Its creators explain that the VALL-E was trained with 60,000 hours of English speech from over 7,000 different speakers in an effort to get it to produce human-sounding speech.
Copy any voice in 3-seconds
Researchers who developed VALL-E explained that this technology could be used in text-to-speech applications to produce voices based on prepared transcripts. So, its user only needs to prepare a script containing whatever he wants to convey without having to record his voice manually. It is considered quite helpful for activities such as editing speeches and creating audio content.
VALL-E can be dangerous
Although the potential for artificial intelligence may vary, many people are concerned about the negative impact that VALL-E could possibly bring up. VALL-E carries the risk of abuse which could criminalize its users, such as if the technology is used to fake voice identification or impersonate certain speakers.
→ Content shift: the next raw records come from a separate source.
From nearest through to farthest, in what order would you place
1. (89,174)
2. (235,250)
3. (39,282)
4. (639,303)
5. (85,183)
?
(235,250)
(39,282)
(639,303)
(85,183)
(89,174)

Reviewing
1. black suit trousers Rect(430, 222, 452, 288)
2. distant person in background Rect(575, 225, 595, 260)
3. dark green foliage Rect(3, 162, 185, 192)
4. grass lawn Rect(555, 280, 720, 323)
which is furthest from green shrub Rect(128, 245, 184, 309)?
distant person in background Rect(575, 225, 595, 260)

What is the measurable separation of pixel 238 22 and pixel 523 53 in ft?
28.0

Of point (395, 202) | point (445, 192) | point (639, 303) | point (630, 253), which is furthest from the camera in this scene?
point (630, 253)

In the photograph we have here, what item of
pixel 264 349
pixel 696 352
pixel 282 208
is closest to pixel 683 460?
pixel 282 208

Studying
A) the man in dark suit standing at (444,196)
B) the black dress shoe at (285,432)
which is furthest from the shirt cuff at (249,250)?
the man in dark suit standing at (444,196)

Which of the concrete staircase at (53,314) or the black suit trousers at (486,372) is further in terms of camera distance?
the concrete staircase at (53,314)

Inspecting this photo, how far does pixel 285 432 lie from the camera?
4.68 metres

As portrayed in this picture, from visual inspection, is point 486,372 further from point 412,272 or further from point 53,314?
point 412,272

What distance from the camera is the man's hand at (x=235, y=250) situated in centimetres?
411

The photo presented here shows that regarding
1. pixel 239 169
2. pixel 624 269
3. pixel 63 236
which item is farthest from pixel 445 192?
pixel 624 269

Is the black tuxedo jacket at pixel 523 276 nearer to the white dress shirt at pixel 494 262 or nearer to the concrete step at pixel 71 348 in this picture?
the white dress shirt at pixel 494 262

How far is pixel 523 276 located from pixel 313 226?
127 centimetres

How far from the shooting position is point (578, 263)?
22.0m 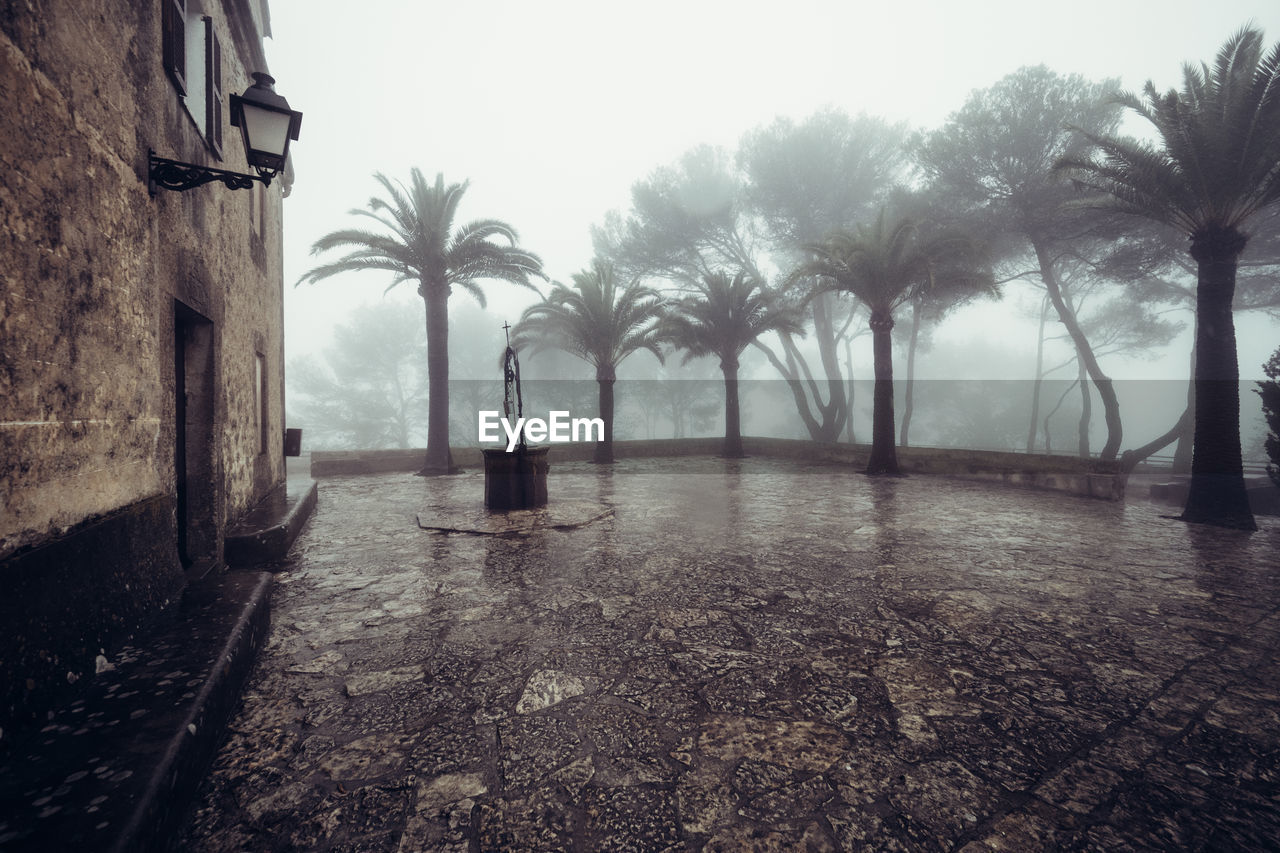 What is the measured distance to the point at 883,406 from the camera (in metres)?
13.1

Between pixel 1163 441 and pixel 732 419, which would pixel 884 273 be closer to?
pixel 732 419

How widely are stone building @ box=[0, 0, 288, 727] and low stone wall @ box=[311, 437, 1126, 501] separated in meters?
10.2

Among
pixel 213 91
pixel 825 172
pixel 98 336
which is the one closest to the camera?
pixel 98 336

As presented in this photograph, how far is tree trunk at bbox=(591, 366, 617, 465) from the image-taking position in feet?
53.3

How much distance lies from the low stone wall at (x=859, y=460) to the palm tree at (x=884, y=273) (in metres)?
1.23

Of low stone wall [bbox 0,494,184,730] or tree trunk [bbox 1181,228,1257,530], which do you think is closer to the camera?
low stone wall [bbox 0,494,184,730]

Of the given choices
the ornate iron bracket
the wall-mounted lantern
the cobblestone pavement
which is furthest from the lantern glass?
the cobblestone pavement

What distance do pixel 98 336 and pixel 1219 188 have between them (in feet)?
39.9

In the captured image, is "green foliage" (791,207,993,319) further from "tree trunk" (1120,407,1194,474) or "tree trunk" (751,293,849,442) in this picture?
"tree trunk" (1120,407,1194,474)

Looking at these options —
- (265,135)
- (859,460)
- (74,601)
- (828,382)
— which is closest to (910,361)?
(828,382)

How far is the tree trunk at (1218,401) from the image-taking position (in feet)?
24.6

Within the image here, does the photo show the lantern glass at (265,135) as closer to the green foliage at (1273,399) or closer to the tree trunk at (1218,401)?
the tree trunk at (1218,401)

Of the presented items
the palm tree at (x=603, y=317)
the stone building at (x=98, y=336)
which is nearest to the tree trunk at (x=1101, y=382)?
the palm tree at (x=603, y=317)

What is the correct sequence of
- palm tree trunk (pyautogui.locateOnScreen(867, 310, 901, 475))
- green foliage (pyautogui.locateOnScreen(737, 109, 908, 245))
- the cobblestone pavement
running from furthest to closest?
green foliage (pyautogui.locateOnScreen(737, 109, 908, 245)) → palm tree trunk (pyautogui.locateOnScreen(867, 310, 901, 475)) → the cobblestone pavement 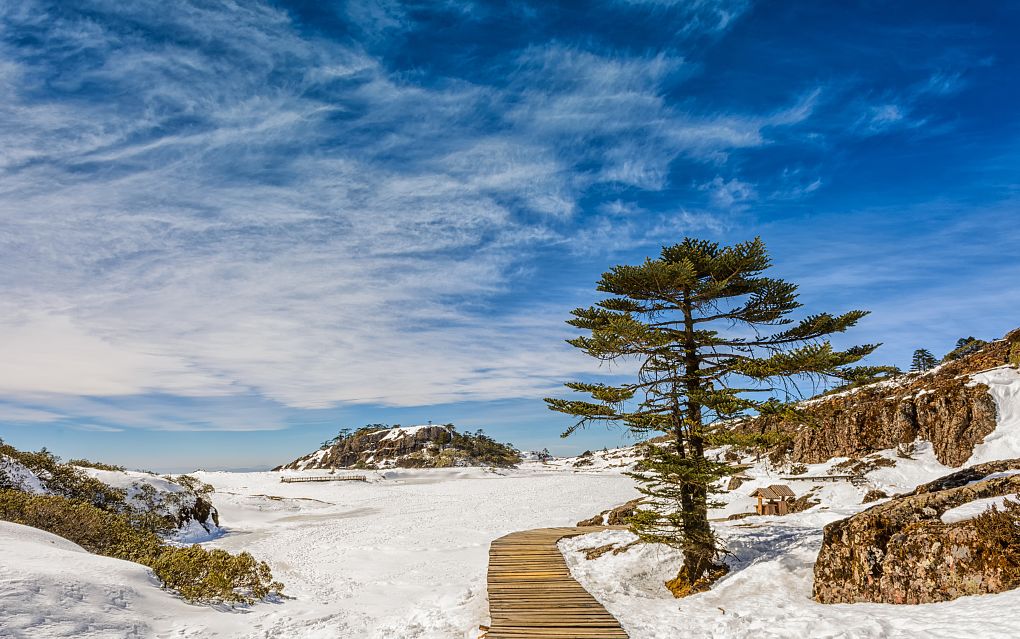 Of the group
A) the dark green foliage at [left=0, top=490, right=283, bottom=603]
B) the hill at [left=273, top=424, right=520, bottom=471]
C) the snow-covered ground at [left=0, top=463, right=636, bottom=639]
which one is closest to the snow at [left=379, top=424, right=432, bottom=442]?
the hill at [left=273, top=424, right=520, bottom=471]

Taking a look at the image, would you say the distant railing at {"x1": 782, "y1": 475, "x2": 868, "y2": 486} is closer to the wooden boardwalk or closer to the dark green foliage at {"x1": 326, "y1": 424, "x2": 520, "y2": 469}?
the wooden boardwalk

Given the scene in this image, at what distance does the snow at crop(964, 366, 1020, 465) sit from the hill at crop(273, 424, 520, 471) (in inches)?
2808

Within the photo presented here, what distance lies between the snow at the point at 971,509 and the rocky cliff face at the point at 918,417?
43.8 feet

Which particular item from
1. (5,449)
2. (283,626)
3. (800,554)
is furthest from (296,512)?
(800,554)

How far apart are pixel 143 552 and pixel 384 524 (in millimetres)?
13534

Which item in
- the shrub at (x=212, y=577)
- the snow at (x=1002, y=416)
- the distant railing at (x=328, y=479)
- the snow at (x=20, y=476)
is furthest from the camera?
the distant railing at (x=328, y=479)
For example, this AI was used to fake the voice of a famous person saying something they had never said. This type of case has been found in deepfakes in video format.
In addition, it is almost similar to Lensa AI, which was recently considered to violate art ethics because it is feared that it can replace human artists by making digital art.
Music producers using it to copy the voices of singers
VALL-E also raises ethical questions, such as when AI is used by music production companies to sing new songs without the consent of the singer owning the voice.
Realizing the concerns and possible risks that the robot might pose, Microsoft, as the developer, only publishes the capabilities and workings of the AI model without sharing the source code.
VALL-E’s researchers say they will try to build a measurement mechanism that can prevent such risks, such as a method that can detect an audio clip engineered by VALL-E or the original sound.